Bu günkü yazımın konusu, Sn. Cumhurbaşkanımızın 23 Nisan Ulusal Egemenlik ve Çocuk Bayramında yaptığı konuşma olacaktır .
Sn. Cumhurbaşkanı bu konuşmasının bir yerinde :
“Bu topraklarda makul olanı ararken , bunun peşinde koşarken, bir noktada çok dikkatli olmamız gerekiyor . Bu süreçte bölünme , bir birimizle didişme lüksümüz yok ” dedi.
Yani, Sn. Akıncı gelinen noktada, Kıbrıs Türk Halkında “ahenk “ istiyor .
Sn. Akıncı’nın, toplumda ahenk istemesinden önce, bu ahengi Hükümet partilerinden ve Meclisteki gruplarından talep etmesi ve daha sonra Halktan istemesi.
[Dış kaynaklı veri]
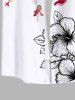 Plus Size Tropical Leaf Hibiscus Flower Print Buttons Pocket Hawaii Shirt For Men -  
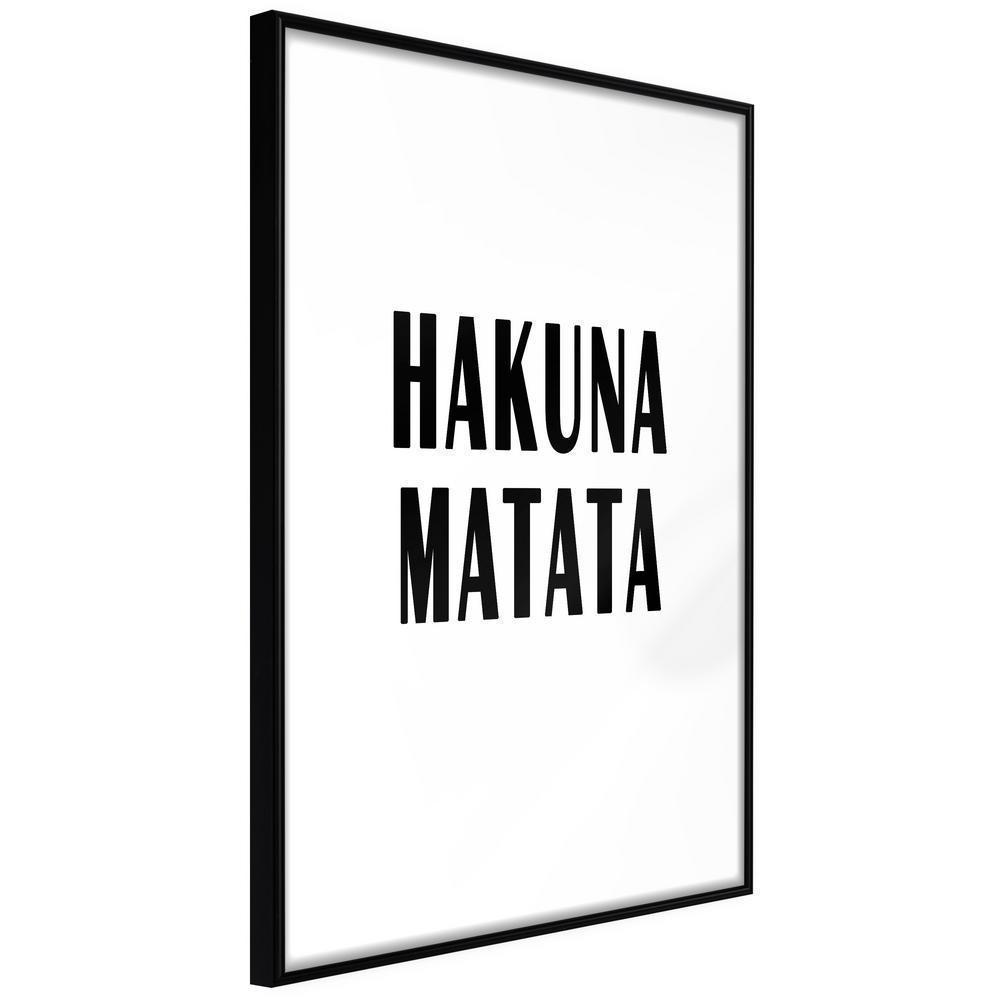 Typography Framed Art Print - Hakuna Matata-artwork for wall with acrylic glass protection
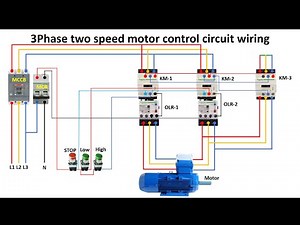 3 phase 2 speed motor control circuit wiring diagram and motor connection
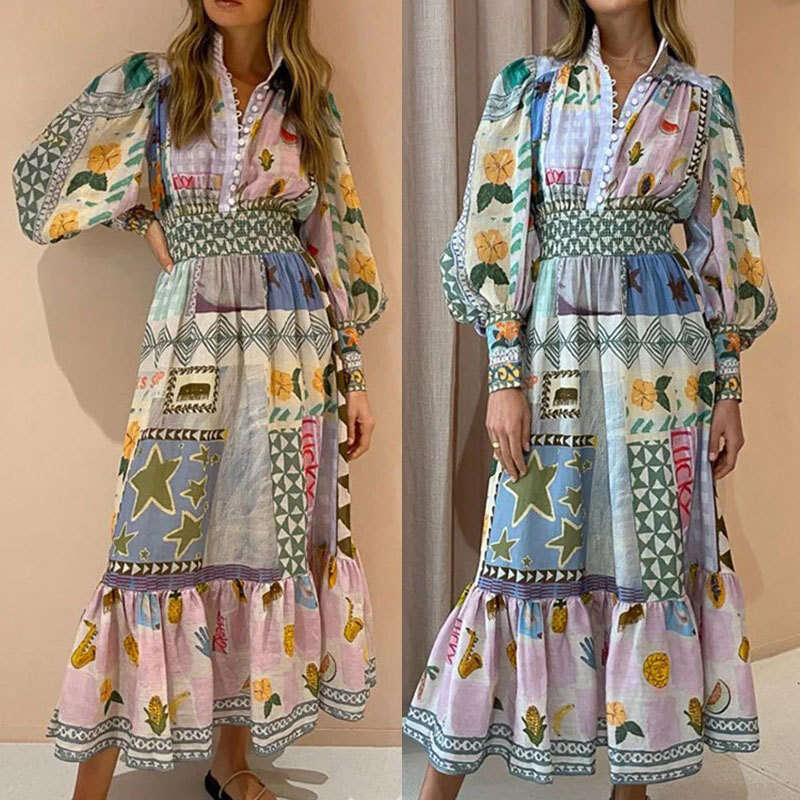 New Women's Lantern Printed Long Sleeve Pleated Dress B5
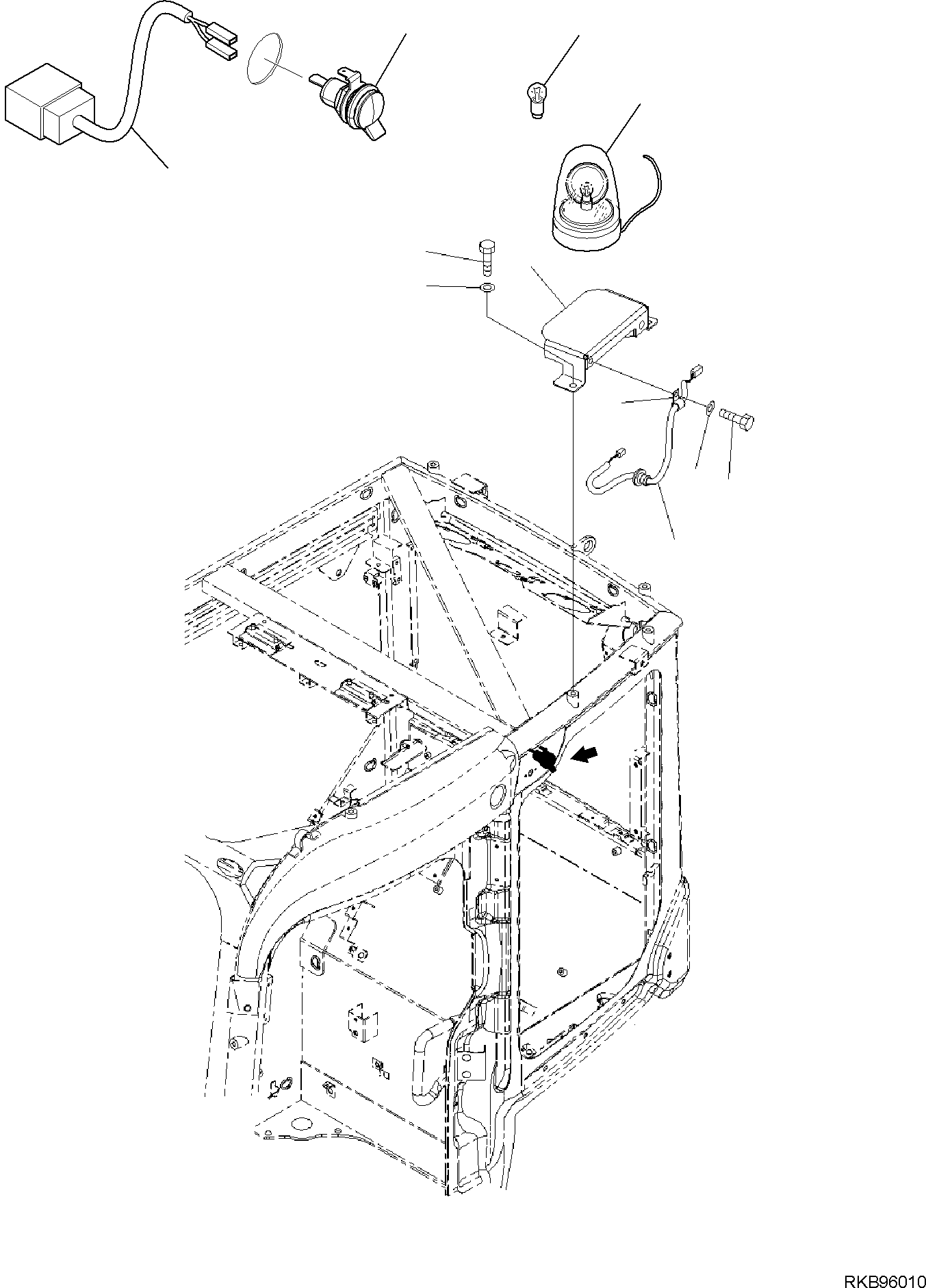 Komatsu parts book diagram for PC118MR-8 S/N F00003 AND UP: BEACON LAMP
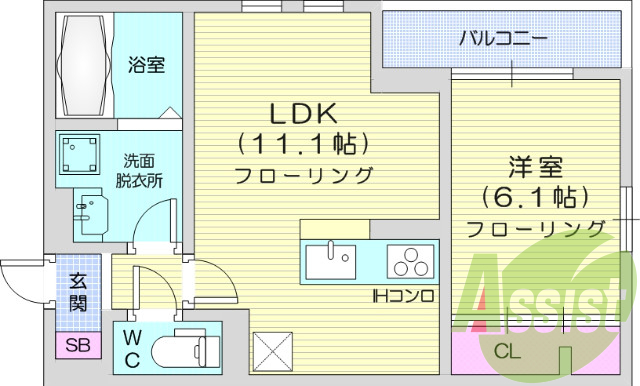 1LDK、オートロック、浴室乾燥、追い焚き、洗面化粧台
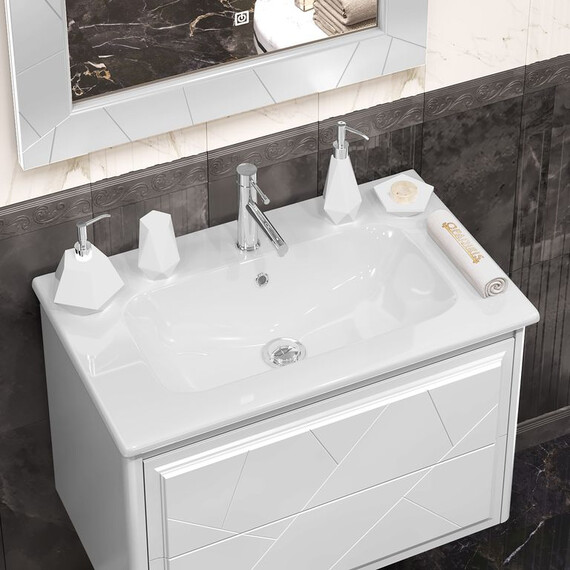 ТУМБА OPADIRIS ЛУИДЖИ 80 ПОДВЕСНАЯ, БЕЛЫЙ МАТОВЫЙ (ПОД РАКОВИНУ DREJA ЭЙФОРИЯ 80)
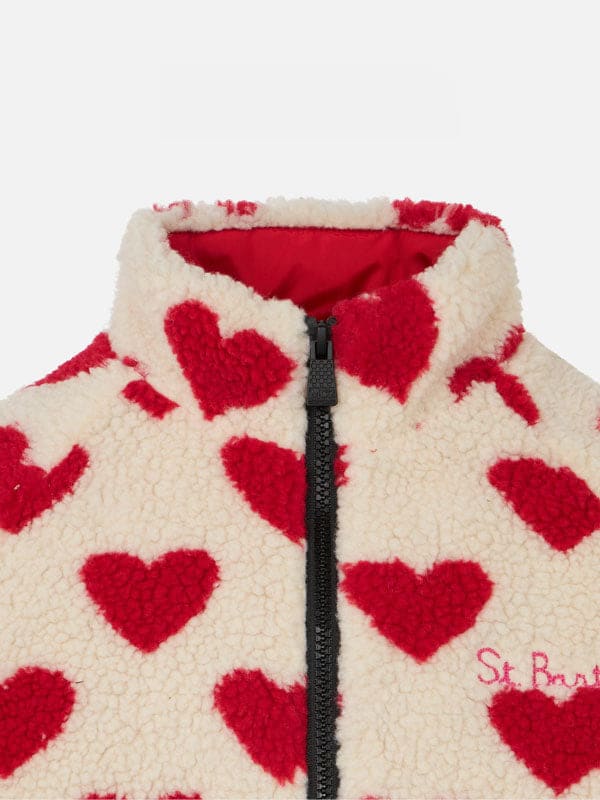 MC2 SAINT BARTH GIRL SHERPA JACKET WITH HEARTS PRINT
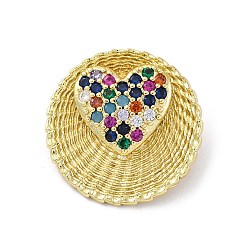 (52) Непрозрачная лаванда Латунные микро проложить кубического циркония подвески, без кадмия и без свинца, круглые сердечки-подвески, реальный 16 k позолоченный, разноцветные, 9.5x24.5 мм, отверстие : 3.5x5.5 мм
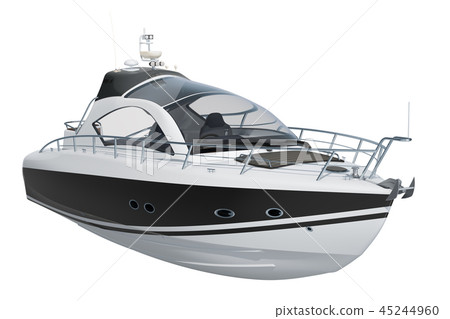 Modern motorboat, 3D rendering 45244960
Daha yerinde, olmaz mıydı ?
Ahenk ilk önce Hükümetten ve onu oluşturan partilerden gelmeli ki. Halka da, örnek olsun .
Hükümette, böyle bir ahenk var mı ?
Kıbrıs konusunda, Sn. Başbakanın ahengi başka , gruptaki Milletvekili veya Milletvekillerinin sosyal medyaya attıkları, ahenkleri başka .
Gerçi Hükümet programında, Kıbrıs görüşmeleri ne kadar dışlansa da . Hükümeti oluşturan partiler, parti görüşü olarak, Kıbrıs müzakereleri ile ilgili görüş serdediyorlar .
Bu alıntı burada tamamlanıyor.